SORU: Adalet Bakanlığı işyurtlarında çalışan bir memurum Her yıl bize işyurtları gelirlerinden bir kez kâr payı dağıtımı yapılıyor, Engelli bir çocuğum olduğundan maaşımdan gelir vergisi kesilmiyor, sorum şu kâr payı aldığımızda bunun üzerinden vergi kesiliyor, acaba bu vergi kesilir mi yoksa kesilmez mi?

İşyurdunun kâr etmesi durumunda, işyurtlarında çalışan hükümlü ve tutuklular ile personel ve işçilere, kâr payı ödemeleri yapılmaktadır. Kâr payları, işyurdunun kârının %25’ini geçmemek üzere, çalışmayı takip eden bütçe yılında çalışanlara aylık ücretinin %50’si ile sınırlı olarak bir defada yapılmaktadır. Bu ödemelerde çalışmayla irtibatlı olduğu için gelir vergisi açısından ücret niteliğindedir. Nitekim Gelir Vergisi Kanunu’nun 61. maddesinde ücretlilere kâr payı adı altında yapılan ödemelerin de ücret niteliğinde kabul edileceği yazılıdır.

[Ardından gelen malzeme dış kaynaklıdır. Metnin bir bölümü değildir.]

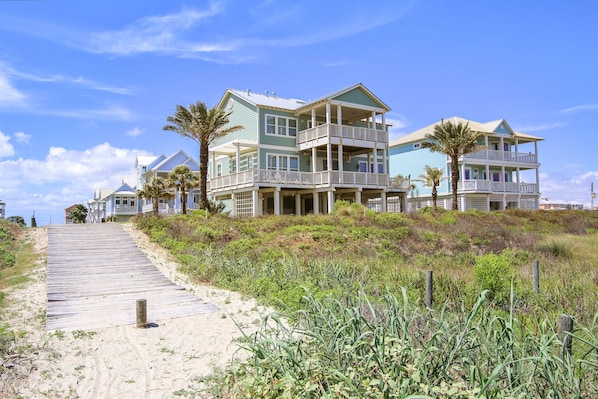 Experience Easy Living at Kathie's Beachfront Kottage - This extravagant vacation home is the ultimate embodiment of luxury, comfort, and design!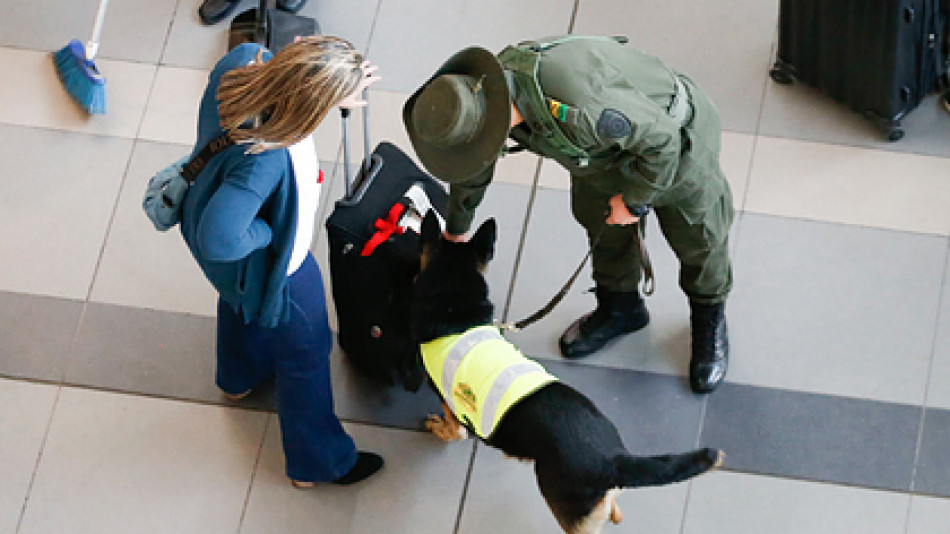 Хванаха на летище туристки, скрили сериозно количество дрога в гениталиите си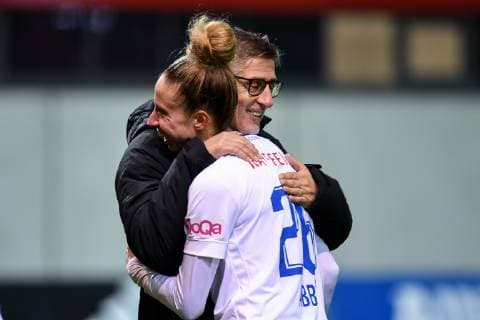 v.li.: Trainer Andre Ladner (Coach, FC Zürich) tröstet nach Spielende Caroline Abbe (FC Zürich, 26), Fussball, UEFA Women s Champions League, FC Bayern München - FC Zürich,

Öte yandan anılan kanunun 31. maddesinde, çalışma gücünün asgarî %80'ini kaybetmiş bulunan hizmet erbabının birinci derece engelli, asgarî %60'ını kaybetmiş bulunan hizmet erbabının ikinci derece engelli, asgarî %40'ını kaybetmiş bulunan hizmet erbabının ise üçüncü derece engelli sayılacağı aşağıdaki engellilik dereceleri itibariyle belirlenen aylık tutarların, hizmet erbabının ücretinden indirileceği, indirim tutarının (2021 yılı için) birinci derece engellilerde 1.500 TL, İkinci derece engellilerde 860 TL ve üçüncü derece engellilerde 380 TL olarak uygulanacağı hükme bağlanmıştır. Ayrıca Kanunun 89/3. maddesinde, bakmakla yükümlü engelli kişi bulunan ücretlilerin aylık tevkifat matrahlarının hesabında da bu indirimlerin dikkate alınacağı yazılıdır. Ücret gelirinizin vergilendirilmesinde asgari geçim indiriminin de uygulanacağı tabiidir. Aylık ücretinize yukarıdaki indirimlerin ve asgari geçim indiriminin uygulanması sonucu, gelir vergisi tahakkuk etmiyor olabilir. Ancak kâr payı eklenen ayda, engellilik indirimini aşan kısım üzerinden gelir vergisi hesaplanıp asgari geçim indiriminin mahsubundan sonra bir vergi tutarı kalıyorsa kalan tutar ücretinize vergi kesintisi olarak yansıyacaktır.